31Si les droits de l’enfant paraissent donc, pour les villageois, une bonne chose sur le plan moral, les risques qu’ils préviennent ne semblent pas vraiment concerner la vie quotidienne. Ce qui les interpelle plus directement, en revanche, c’est l’interdiction récente d’employer la badine évoquée plus haut, au motif qu’elle porte atteinte à l’épanouissement de l’enfant et incite de nombreux enfants à délaisser l’école. Pourtant, selon les parents et les professeurs, l’usage de la badine est d’ordre strictement éducatif et leurs coups restent mesurés ; ils estiment toujours y avoir recours dans l’intérêt de l’enfant. On peut comprendre que, dans ce contexte, renoncer à cette punition qui rappelle l’enfant à une certaine verticalité et qui prévient les risques du vagabondage est difficile à accepter de la part des adultes. « [Les employés des organisations] disent qu’on utilise de la violence domestique à l’attention des enfants », explique une mère de famille à propos de l’usage de la badine. « Ils [en] font la promotion, mais ils ne sont jamais venus au village, la police n’est pas encore entrée » explique un père de famille. « Ils ne nous laissent pas frapper, s’ils nous voient frapper, ils nous font payer une amende » dit une autre personne. « Ils inculpent les parents », ajoute un autre. On observe que du point de vue des habitants, le gouvernement s’immisce dans les pratiques éducatives parentales : il peut sanctionner juridiquement les parents pour avoir sanctionné physiquement leur enfant. Ils se trouveraient pris dans le paradoxe diachronique d’être punis pour avoir puni. Pourtant, disent-ils encore, « ceux qui veulent que leur enfant soit bon, ils le menacent […], si l’enfant n’est pas d’accord, il faut le frapper. » Les droits de l’enfant, « ça ne permet pas de guider les enfants » ; « si on ne le frappe pas, il n’a pas peur, il ne nous écoute pas ». « Depuis qu’ils ont voté les droits de l’enfant, que les enfants ont des droits comme ça, eh bien, c’est difficile ; les enfants ont arrêté de nous écouter. »

32L’opinion exprimée à l’école est la même :

33

« La badine porte atteinte aux droits de l’enfant, mais c’est difficile à éviter ; parfois, certains enfants, on leur parle gentiment, et ils ne nous écoutent pas, mais si on utilise la badine, si on les menace, ils se calment » explique une institutrice.
« [Avant,] si l’élève ne savait pas ou se trompait, le maître le frappait ; et s’il fuyait l’école, la mère le frappait […] ; ainsi il était obligé de venir, et il était obligé de savoir. [Mais aujourd’hui], on n’a pas le droit de les gronder, de les menacer, de les frapper […]. Avant, les parents s’en remettaient au maître […]. [Mais] avec les droits de l’enfant, on le frappe, on a une histoire, on hausse le ton, on a une histoire » argumente le sous-directeur de l’école primaire.

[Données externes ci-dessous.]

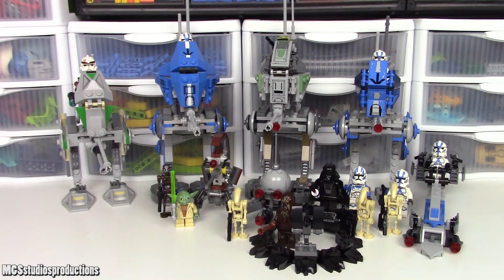Hey guys, MJC75 here and welcome back to another comparison video. In this comparison video we're going to be doing another AT-RT comparison. I know we just did one of these last year, but a new AT-RT has come out in the 501 Legion Clone Troopers set, which is this one right here. So I thought it would be time to do another comparison video, seeing how this new set lines up with the older ones.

34Le sous-directeur parle ici de la nouvelle loi qui autorise les parents à porter plainte contre le professeur lorsque celui-ci a frappé leur enfant ou simplement haussé le ton. La loi semble être entrée en vigueur, puisqu’il affirme que des parents sont déjà venus se plaindre de l’un des instituteurs, qui avait frappé leur enfant. Ce changement juridique, qui vise à pacifier la relation physique entre le maître et l’élève, semble créer des tensions entre les maîtres et les parents d’élèves. Si les parents d’élèves se plaçaient auparavant du côté de l’instituteur contre leur enfant, ils se situeraient aujourd’hui du côté de leur enfant contre l’instituteur.

35

– Lorsqu’un élève quittait l’école, le professeur allait jusqu’à sa maison pour le frapper (expression métaphorique traduisant un partenariat éducatif entre les parents et les professeurs, selon lui aujourd’hui révolu). […] Et aujourd’hui, quand un enfant quitte l’école, on va voir ses parents, qui nous répondent qu’ils ne savent pas quoi faire, et le professeur n’a plus le droit de frapper ; c’est contre la loi, à cause des droits de l’enfant […]. Mais si on ne le frappe pas, [l’enfant] gagne en indifférence (vā pān cit).
– Mais alors, dis-je, comment voulez-vous faire pour qu’ils arrêtent de quitter l’école ?
– J’y pense tous les jours, mais je ne sais pas encore. Il faudrait trouver une façon de bien les « manipuler ». Par exemple, si on avait plus de moyens, on promettrait aux bons élèves des récompenses, ça les inciterait à étudier […]. Moi je veux bien que l’on arrête de les frapper [avec la badine], mais à condition que l’on nous propose une autre méthode.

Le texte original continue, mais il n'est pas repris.